また、書込用パネルに感圧式センサーや静電式のセンサー、光センサーなどを設置し、該パネル表面にスタイラス型ペンや指などを使用して手書きした際の筆圧や静電気、影を検知することで入力軌跡を取得するタイプの書込型入力装置も提案されている。
一方、後者の装置であると、被書込パネルに感圧式センサーや静電式のセンサーなどを備えるため、入力装置としては前者の装置に比べ小型化が難しく、重量、厚みが増加してしまう。またコスト的にも高価である。加えて、感圧式センサーや静電式のセンサーは、手や袖口が触れた際には、誤作動する可能性があり、通常のノート等に書く時の様に手の平の小指側側面を接触させてしまう書き方をする場合には、不向きなものとなる。このような装置は、書込パネルに透明な材料を用いディスプレイ前面に設置したり、書込パネル自体にディスプレイ機能を持たせることで、例えばディスプレイに表示された図表に対して手書き入力をするといった直感的でインタラクティブな運用が可能となるが、本方式の場合高価であるため大画面化が難しく、またサイズや重量の軽減が難しい為、携帯電話等の移動体用途にも不向きである。

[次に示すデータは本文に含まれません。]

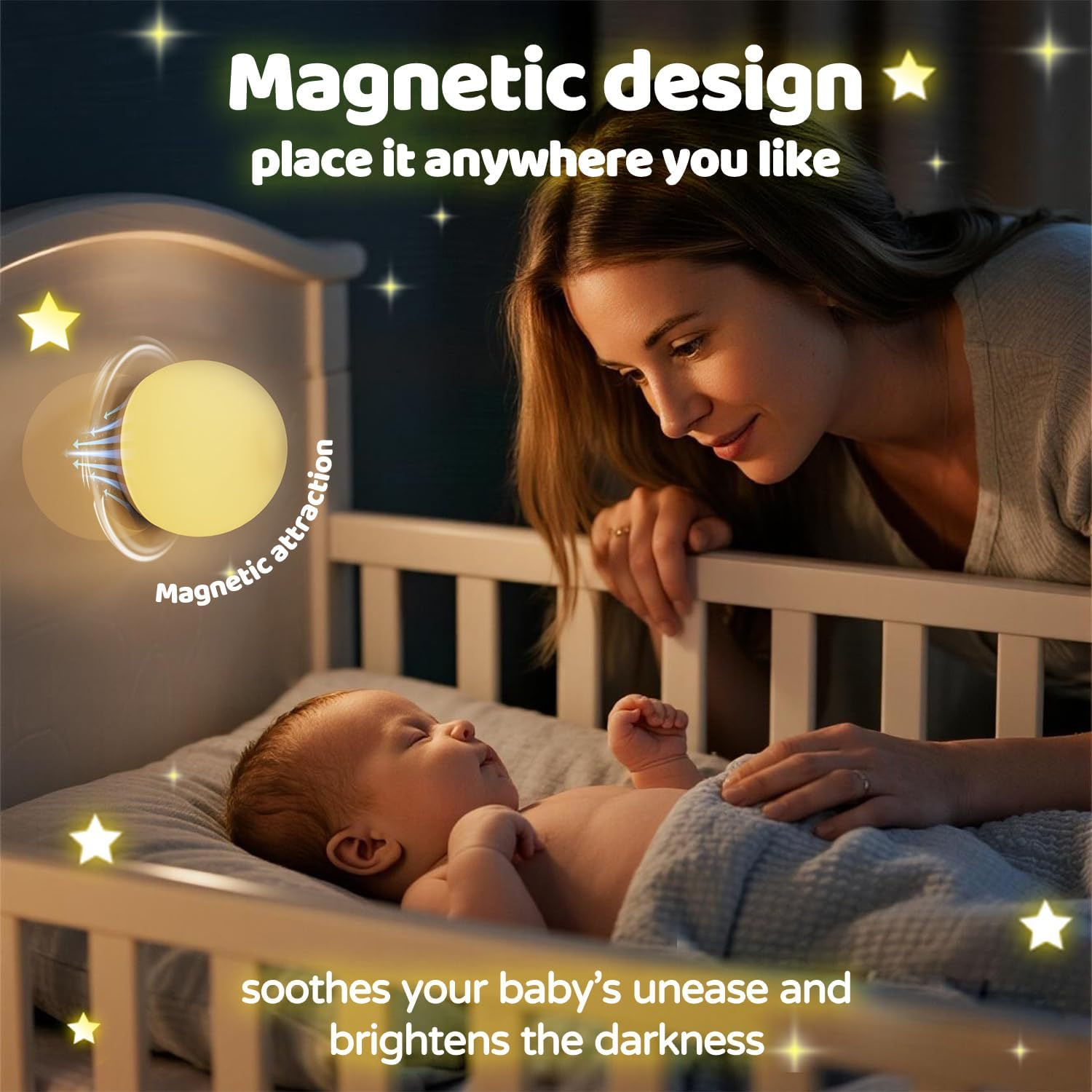 Night Light for Kids, Baby Shell Light with 7 Colors Changing Mode & Stepless Dimming, Soft BPA Free Silicone Touch Night Lamp, Rechargeable Nursery Night Light for Breastfeeding image number 3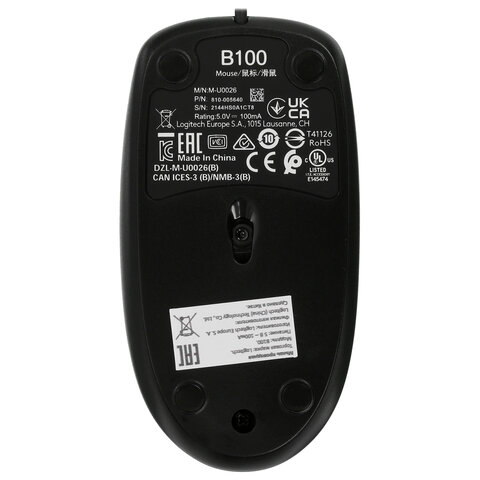 Мышь проводная LOGITECH B100, USB, 2 кнопки + 1 колесо-кнопка, оптическая, черная, 910-003357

このような要求を満たす透明シートとして、例えば、特許文献1には、ディスプレイ装置の前面に装着される透明シートであって、入力用電子ペン等による入力軌跡の位置を示すための位置情報を提供可能なドットパターンからなるマークを所定波長の光を照射されて当該入力軌跡読取手段に読み取り可能な光を発光するインキを用いて印刷したものが開示されている。しかしながら、特許文献1には、そのような透明シートを具現化するインキの種類、或いは印刷面の向きや位置情報の配置の工夫などは記載されておらず、透明シートのアイデアもしくは願望が記載されているに過ぎず、具体的な透明シートの例示はない。
すなわち、本発明は、透明基板の表面に赤外線反射性の規則性を有する透明パターンが印刷されてなる印刷面を有し、画像表示可能なディスプレイ装置の前面に該印刷面が対向して装着される透明シートであって、該透明パターンを構成するインキが赤外線を反射する材料を含み、該透明パターンは、赤外線の照射及び検知が可能な入力端末を用いて、印刷面の裏側から赤外線を照射し、赤外線の反射パターンを読み取ることで、透明シート上における入力端末の位置に関する情報を提供可能である赤外線反射パターン印刷透明シートを提供するものである。
尚、図示の便宜上、図1に於いては、あたかも透明パターン3がディスプレイ装置5と反対側の面に位置しているかの如く図示されているが、実際には、透明パターン3はディスプレイ装置5と対峙しており、入力端末6と対峙するのは透明基板2の非印刷面である。
ここでいう右手系/左手系とは、直交座標系の取り方の一種であり、右手の親指、人差し指、中指を自然にそれぞれ直交させた状態の中指の方向をx,親指y,人差し指zに取る座標系を右手系、この鏡像が左手系になる。
なお、図2(b)に示したような、印刷面の裏側から透明基板2を透視して透明パターン3を入力端末6で検知した場合の座標情報の座標系が左手系となる透明シート1を、そのまま裏返して印刷面側から入力端末6で検知した場合、透明パターン3が提供する座標系は図2(c)に示すように右手系となってしまう。このとき、透明パターン3から位置情報を算出する為のアルゴリズムによっては、パターンが鏡像になると座標を正常に算出できなくなる場合もある。
なお、本発明において、透明パターンが規則性を有するとは、赤外線反射により位置情報を提供可能な機能を有する程度に規則性を有するという意味であって、例えば、図3に示すように、一見不規則なパターン配列であっても、前記機能を有していれば、規則性を有する透明パターンに含まれる。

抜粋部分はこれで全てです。